Matias Brunacci, Virtualshamanism, 2018, screenshot of VR artwork. On view in “Speculative Cultures” at the Anna-Maria and Stephen Kellen Gallery at Parsons. Matias Brunacci
When does Tina Sauerländer sleep?
The Berlin-based curator, writer, art historian, board member, women in tech advocate and, increasingly, preeminent authority on new media and millennial art, is opening two big shows in less than a month (“Speculative Cultures” at Parsons in New York and “Touching From A Distance II” at Goethe Media Space in Toronto)—all while co-running Peer to Space, a curatorial and exhibition hub that has generated an average of three shows per year since 2010.
Originally from Kassel, Sauerländer co-founded Peer to Space eight years ago in Munich where she specialized in exhibitions that connect emerging media practices with the personal and every day. In the last three years, in partnership with peer to space’s Project Manager and co-curator Peggy Schoenegge, Sauerländer’s curatorial practice has focused on art that employs virtual reality and augmented reality to illuminate the personal costs (and joys) of our over-saturated times. It’s a brilliantly counter-intuitive pairing: the technology of alienation meets the confessional.
Observer caught up with Sauerländer in New York as she put the finishing touches on “Speculative Cultures.” She was wide awake.
Observer: Why do we talk about digital media art as “new?” Is there a kind of glamour built in to thinking of the digital as being “new?”
Sauerländer: You ask that question while I am in New York, installing the show “Speculative Cultures” at The New School. And there is the New Museum and NewInc. just around the corner. Many things are called “new” here in New York, which may be related to the history of the U.S. and this city in particular. So yes, I guess there is some kind of attraction or glamour that comes with the term “new.”
Digital media art has a reputation for being very difficult to sell, as a product itself. Is this still true?
Yes, this is still true. The art market is tied to the system of uniqueness. It is still hard to sell digital files on sticks. But uniqueness contradicts with the nature of digital work, as digital files are identical and can be copied endlessly. This cries out for a new attitude towards digital art and its value that does not lie in uniqueness. It is the opposite. It lies in the accessibility of the works for everyone, from every part of the world.
Tina Sauerländer. Jonas Blume.
Tell me about your curating practice. Do you spend hours looking for new works online? Also, what attracts you?

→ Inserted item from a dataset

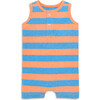 Baby Heathered Henley Shortie In Stripe, Goldfish Cornflower Stripe - Rompers - 1 - thumbnail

At a certain point I discover a topic that seems to be relevant for artists but also for others living in the same society. For example, “Speculative Cultures” came from us thinking about how many people actually are afraid of the new, or the yet unknown, of encounters with new cultures. “New” can also be something to be afraid of. The exhibition therefore presents artists from different parts of the world [who make] virtual reality artworks that speculate on new forms of cultures, thereby reflecting their own cultural background and history. Being all together in one exhibition space, the exhibition sheds light on differences but also on many similarities between the different cultures. Further, the exhibition shows that a culture is not something that is static tied to one place, but how culture and its manifestations (like rituals, visual language and spoken language) change over time.
I wrote about one of your shows, “When The Cat’s Away, Abstraction,” several years ago, and was struck by how much physical, IRL art I saw: art you could actually buy and keep in your home. Is there a kind of end game built into digital art, one that ultimately leads to a physical “product?”
The show was about how digital abstract visual language in art is not only part of the digital but also part of the real world. Digital art does not ultimately lead to a physical “product,” although this was one of the big accusations post-internet art had to face: turning the digital into a unique product to sell it. However, the show was not about post internet art. It was about how the IRL and URL worlds grow together. When the internet was new, we perceived it as the other world, as something parallel to the real world. This distinction is dissolving.
The Swan Collective, Here We Are – A Turing Torture, 2018, VR Experience (Still), 2018. On view in “Touching From A Distance II” at the Goethe Media Space. The Swan Collective
What is the commercial strategy behind shows positioned as new media art? In other words, how do artists make any money?
They license their work for screenings in institutions. This is why it is so important to pay reasonable artists fees. This should be obligatory by law.
The Goethe Media Space exhibition appears to be a bridge-builder between new media art and “traditional” art. Which leads to the question: Why do people still need connections to be made between new media art and “traditional” art when everybody uses the internet and is exposed to new media every day?
“Touching From A Distance II – Transmediations in the Digital Age” focuses on how the process of trans-mediation reflects our daily internet routine [wherein] we stay connected via intangible yet visible information. We constantly exchange information in analog, digital, visual or written form. The band Joy Division praised the effect of music conveyed through the radio with their 1979 song Transmission: “Touching from a distance…sound, that’s all we need to synchronize.”